La comunidad internacional ha insistido en un plan de paz para evitar el desangre del país, sin embargo, todas las iniciativas se han quedado en el aire porque Rusia y China, dos países clave para aprobar cualquier resolución en contra del gobierno sirio, se han negado a apoyar una solución que implique la salida de Al Asad.
A pesar de las críticas por dicho apoyo, Rusia aseguró que está convencido de que el presidente sirio no renunciará y que es inútil exigir su renuncia como condici´no previa al cese de la violencia en ese país.
El ministro de Asuntos Exteriores de Rusia, Serguéi Lavrov, aseguró: “El esquema según el cual antes el presidente Al Asad debe marcharse para que ocurra algo en el ámbito del cese de la violencia y el proceso político no funciona, es inútil, porque él no se irá”. Lavrov subrayó que, independientemente de la opinión que se tenga sobre las elecciones sirias, hay que entender que, «como mínimo, la mitad de los sirios» votaron a Asad, respaldan su política y vinculan a él su seguridad y futuro.

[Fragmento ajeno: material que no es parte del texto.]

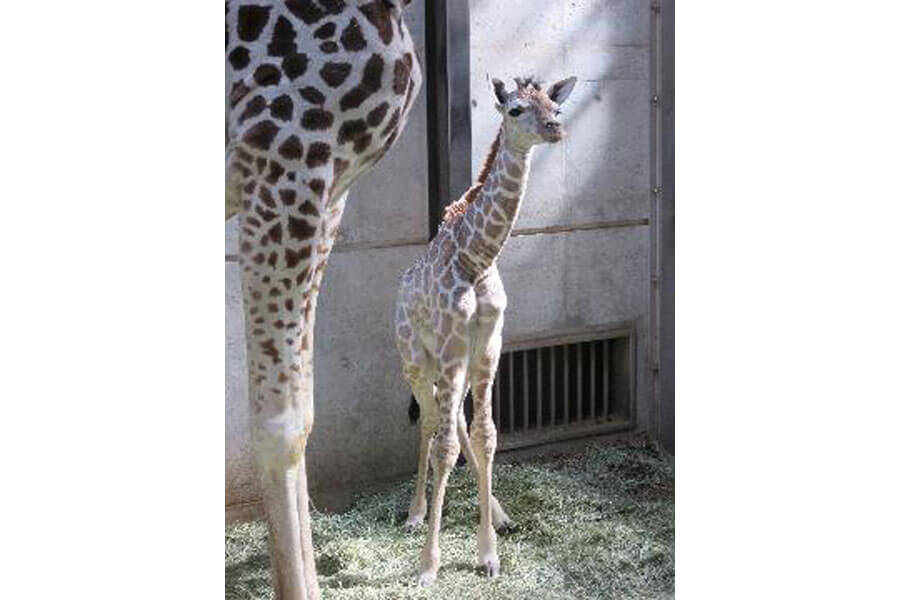 天王寺動物園にキリンの赤ちゃんが誕生 喜びを共有したい Lmaga Jp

El ministro ruso comentaba así las declaraciones del presidente francés, Francois Hollande, quien afirmó a comienzos de este mes que en Siria «no hay solución posible» si Al Asad sigue al frente del país. «El resultado de esa política de Occidente será la llegada al poder de radicales, lo que creará problemas para la seguridad de los musulmanes que no pertenecen a corrientes radicales, así como de los cristianos, cuyo destino nos preocupa sobremanera», dijo el jefe de la diplomacia rusa.